Un concepto ampliamente difundido por el estalinismo y asumido con estusiasmo por la izquierda mundial es que los medios de comunicación deben ser finalmente controlados por el Estado; pueden, tal vez, existir diversos medios de prensa, pero no en manos privadas. Son diversas herramientas de expresión del dueño central, el Estado, y a través de éste, el partido o la camarilla gobernante.

Uno de los argumentos básicos para justificar esta concepción es que los medios en manos privadas buscan el lucro y la preservación de sus privilegios y en función de ello manipulan la información, embrutecen a la población y pisotean los valores morales y los intereses del conjunto de la sociedad. En contraposición – afirman – el Estado garantizaría una orientación “popular”, basada en la elevación de la cultura y los intereses de la mayoría. De tal manera, el Estado se abroga el derecho de determinar qué es bueno y qué es malo para el pueblo; qué informaciones no deben divulgarse (por escasa importancia o por afectar los intereses populares). La lista del material a ser restringido y las razones altruistas para ello podrían llevar un libro entero.

En los comentarios, tal vez los más ingenuos, de la gente favorable al cierre de la televisora, se menciona insistentemente la pésima programación del canal. La argumentación de Chávez y obviamente de sus acólitos en el gobierno, es simplemente centralista y anti-democrática. La programación de RCTV, como la de otros canales de Venezuela es definitivamente mala, con apenas algunos retazos de calidad. Por ganar el mercado son capaces de promover cualquier basura (incluida la violencia y el sexo). En mayor o menor grado, todos los canales en Venezuela y muchos canales en el mundo, obran de esa forma. De la misma manera, hay libros mal escritos, e incluso perversos, revistas grotescas e infames o periódicos amarillistas. Pero eso es una parte del precio que se paga por la libertad.
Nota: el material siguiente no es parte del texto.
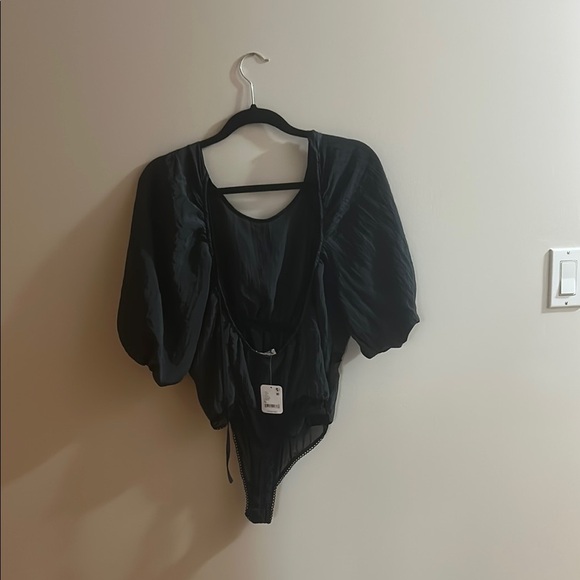 Elegant Black Women's Top - Picture 2 of 4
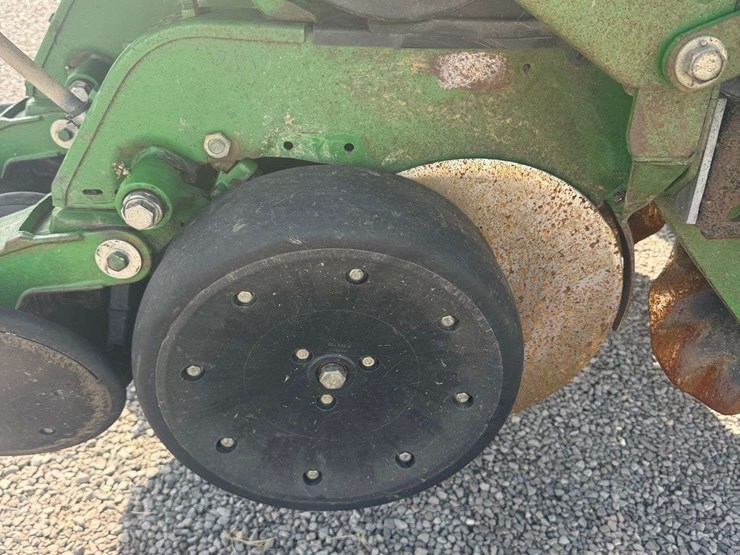1999-john-deere-1780-image-32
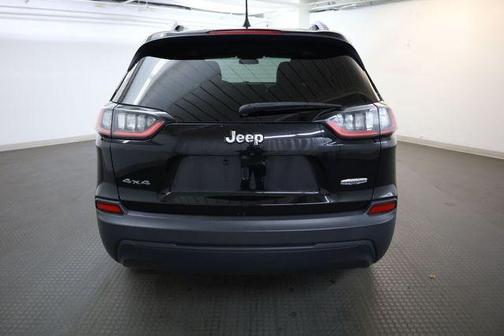 Diamond Black 2019 Jeep Cherokee Latitude Plus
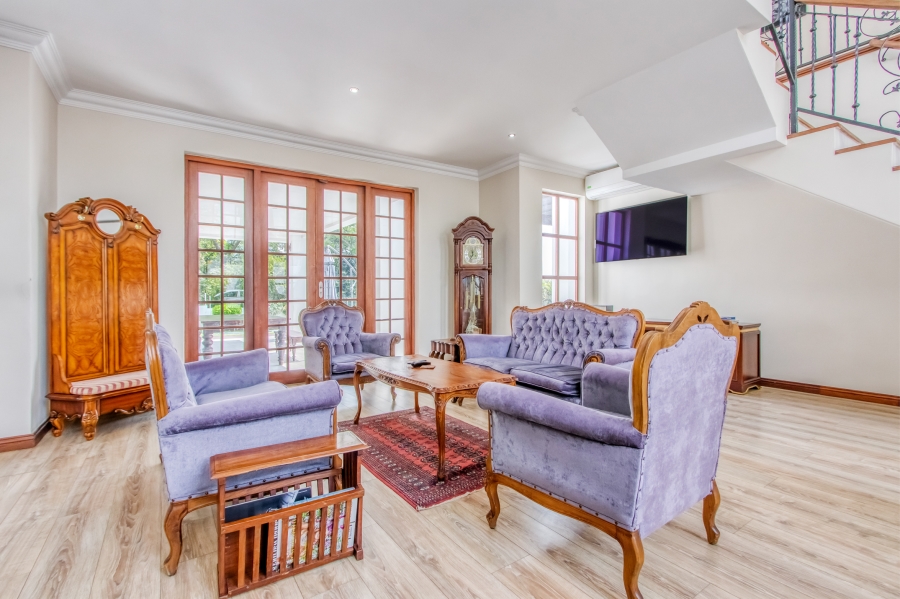 5 Bedroom Property for Sale in Bryanston Gauteng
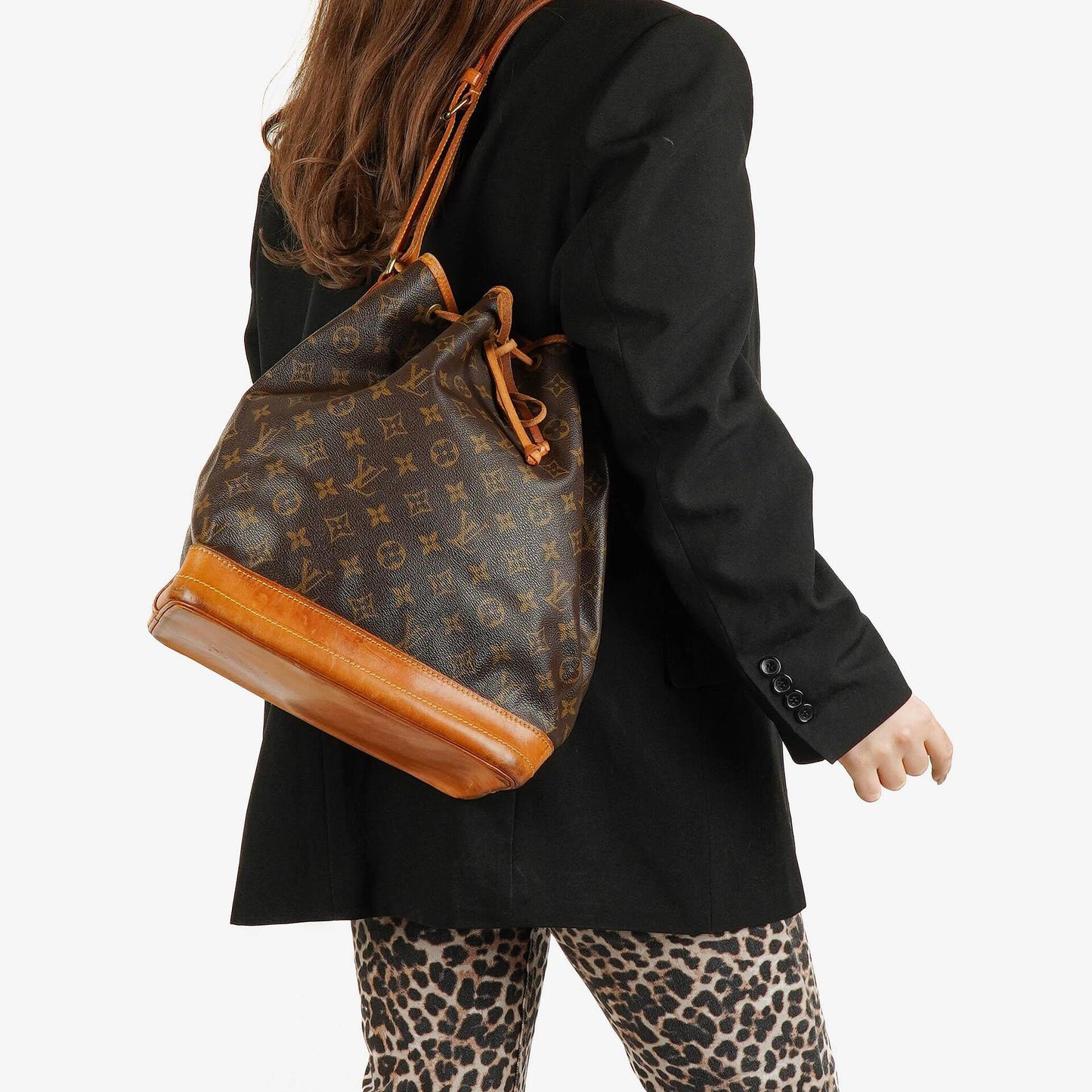 Louis Vuitton Noe GM Monogram Canvas Shoulder Bag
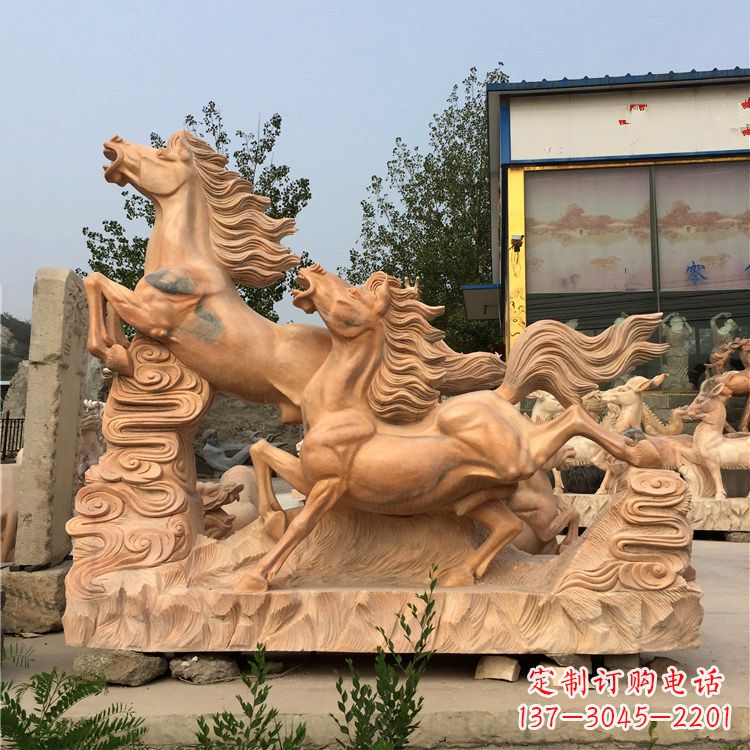 江西晚霞红奔马群雕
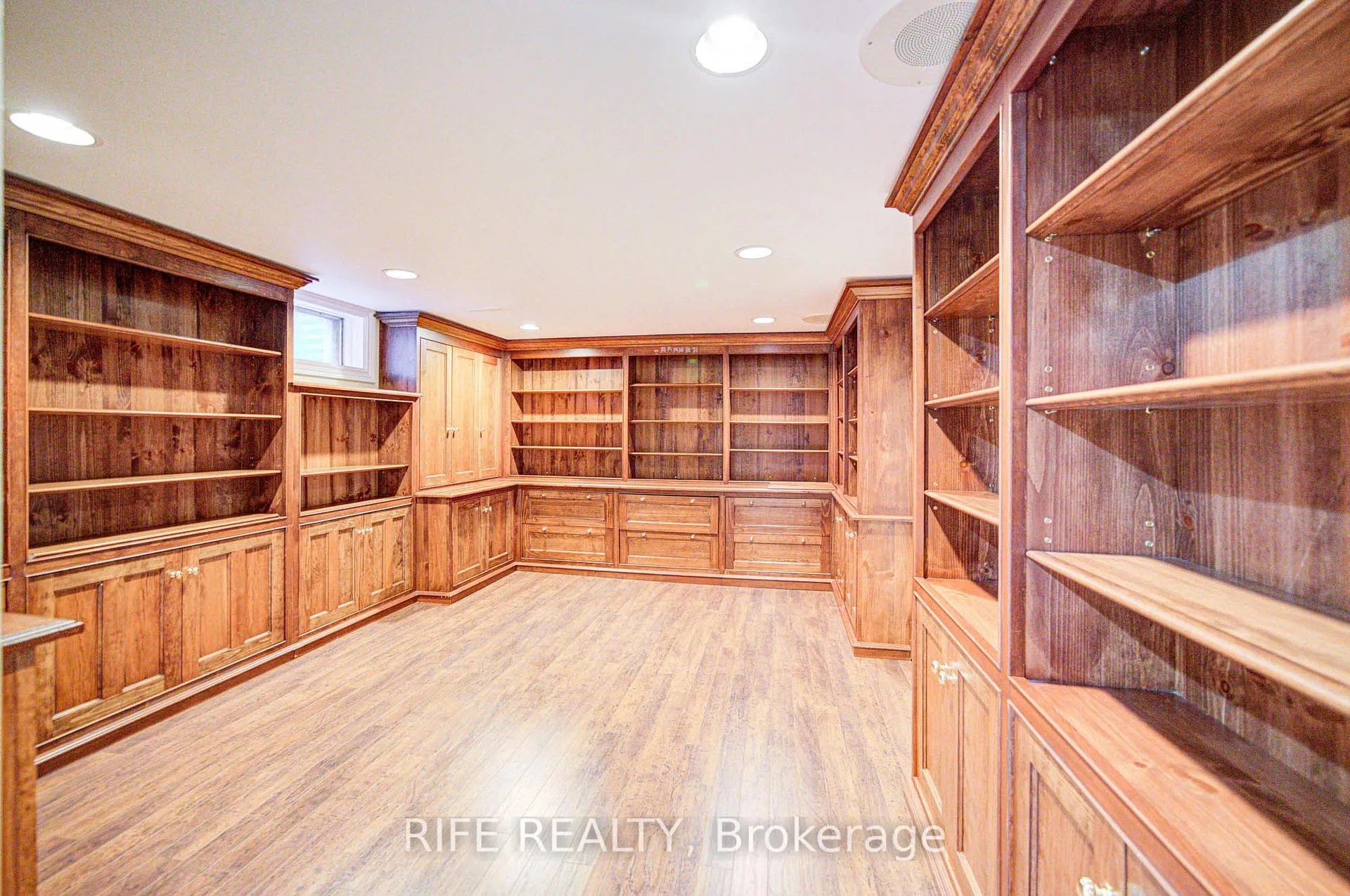 Photo 45 of 38 Longwater Chase, Markham, Unionville — HOMEH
Existe el derecho a decir estupideces, anunciar el fin del mundo, hablar de la aparición de extraterrestres en el baño de un restaurante o afirmar que el hombre jamás piso la Luna y todo fue un teatro. La otra parte de ese derecho permite denunciar a funcionarios corruptos, las torturas en cualquier parte (Guantánamo o Siria), la lapidación de mujeres (Irán o Irak), los privilegios insolentes de militares en el poder (Venezuela), los crímenes de lesa humanidad (militares argentinos y chilenos), el cercenamiento de derechos humanos (China, Cuba, Rusia). Casi no hay país del mundo, incluyendo a los Estados Unidos, por supuesto, donde no existan algunos de los elementos señalados anteriormente. Pero con mayor o menor fluidez, estos pueden ser conocidos y denunciados – como un elemental mecanismo de defensa de la sociedad – sólo en aquellos países donde existe libertad en el control de los medios de comunicación. No se trata de que un ente, tutor y guía, por encima de la sociedad, vele por la buena información. Tal cosa es una utopía similar a los cuentos de hadas en los que un rey sabio y bondadoso equilibra e imparte justicia en el mundo que le toca regir. Aún otorgando el beneficio de la duda de que un Estado concentre los medios con la mejor de las intenciones, la dinámica propia de la concentración del poder y la defensa de sus intereses en ese rol, llevará inexorablemente a enfrentar y acallar todo aquello que pueda ser considerado nocivo a esos intereses. La libertad en la información no es posible sin la posibilidad de que los medios sean poseídos por manos privadas, aún cuando éstos representen a una capa social privilegiada.

Moral y “Moral”

Vayamos ahora a los argumentos acerca de la moralidad. Comencemos diciendo que Chávez no es exactamente un ejemplo de respeto a la mujer y a la comunicación. Ni qué decir sobre la incitación al odio.

En el desempeño de su cargo como Presidente de Venezuela le hemos oído referirse a su ex-esposa Marisabel, en términos que exaltan su papel de macho (“Marisabel, esta noche te doy lo tuyo” “¿Te acuerdas de aquella noche en el Volkswagen?”). Quizás Chávez considere justificada su falta de respeto a la condición femenina de Condoleezza Rice, por ser ella representante del “Imperio”, pero lo que reflejan sus ataques de baja estofa, machistas y soeces, a la condición femenina de un adversario (“Parece que ella sueña conmigo. Soy capaz de invitarla a una reunión para ver qué pasa conmigo. Dijo que estaba triste y deprimida por Chávez, ¡ay papá! Que se olvide de mí. Qué mala suerte tiene esta dama. Yo no hago ese sacrificio por la patria, que lo haga otro, Cristóbal Jiménez, Nicolás Maduro, Juan Barreto que está soltero”), es su concepto de gallo provinciano, de macho cabrío y militar, como aderezo. En cuanto al odio, Chávez se lleva la palma de oro, cuando a poco de tener el poder acusaba a todos aquellos que poseyeran buenos autos y consumieran whisky, de “oligarcas”. En una primera fase, apeló al resentimiento social de una enorme capa, empobrecida brutalmente por los gobiernos anteriores, incitando al odio a los contrarios como forma de galvanizar ese sector a sus huestes. No pocos sectores de clase media se vieron amenazados en la calle por ser considerados “oligarcas”. Otro tanto hizo contra los medios de comunicación, incitando y “tolerando” los ataques físicos a periodistas y las agresiones a las sedes de periódicos o canales televisivos.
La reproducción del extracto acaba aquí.